Collective leadership, that carrying along of members of the top echelon was not an obvious priority, suffered. He was fervently patriotic and resolutely committed to uplifting the society. But he suffered a set back, failed.
Spare and austere, without the flabby morality of others, Buhari is prone to severity and inflexibility rather than political lasciviousness.
Without apparent lust for material acquisition and personal aggrandizement , Buhari would find it easy to be an elaborate living example of the discipline he wants for the country .

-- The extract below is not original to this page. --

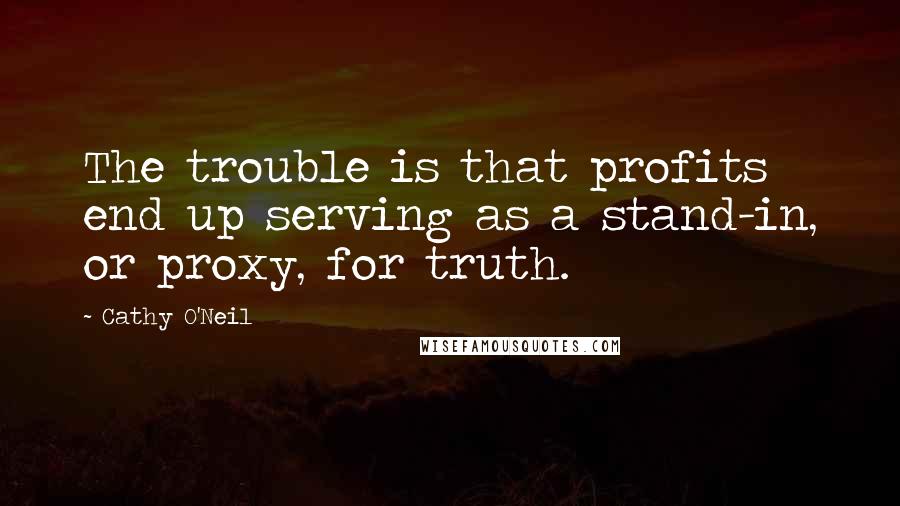Cathy O'Neil Quotes: The trouble is that profits end up serving as a stand-in, or proxy, for truth.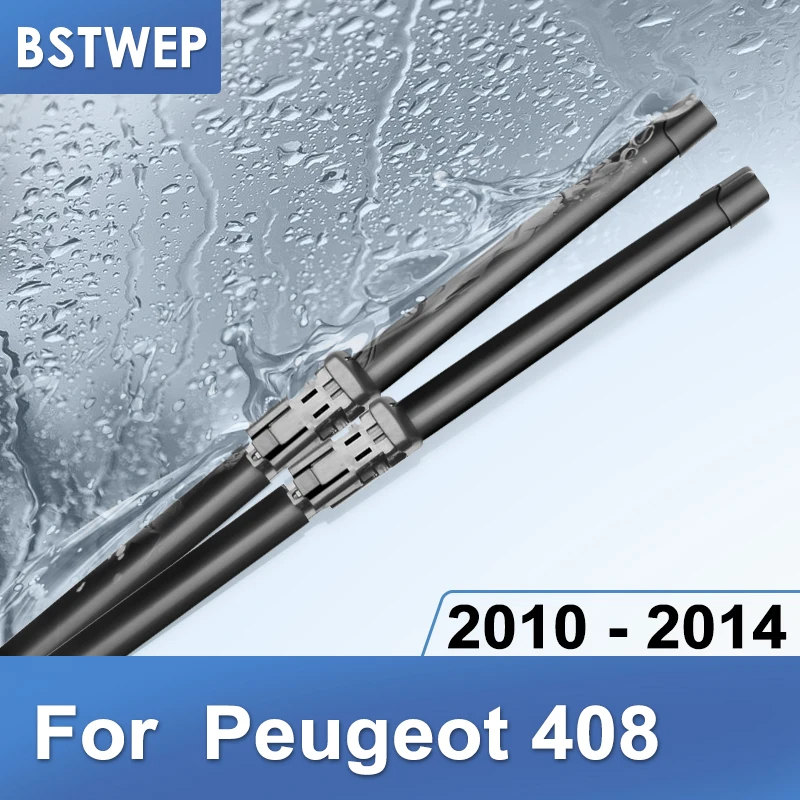 BSTWEP щетки стеклоочистителя для peugeot 408 Fit кнопочные ручки 2010 2011 2012 2013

Most African leaders suffer a disconnect with the people and leave their countries worse than they met them because they lack the moral stamina to maintain any respectable level of integrity. For when a man preaches one thing and promotes the contrary through his body language and actions, the masses see a bumbling , dissembling hypocrite and withdraw their trust. With Buhari however, the people’s worry is tyranny rather than corruption
Leadership entails visionariness and salesmanship. While exemplary personal comportment enhances trustworthiness , Buhari’s manifest deficit in political dexterity always leaves a certain impression of a fundamentalist whose untempered idealism some , especially his fellow leaders, always see as arrogance and or naivety.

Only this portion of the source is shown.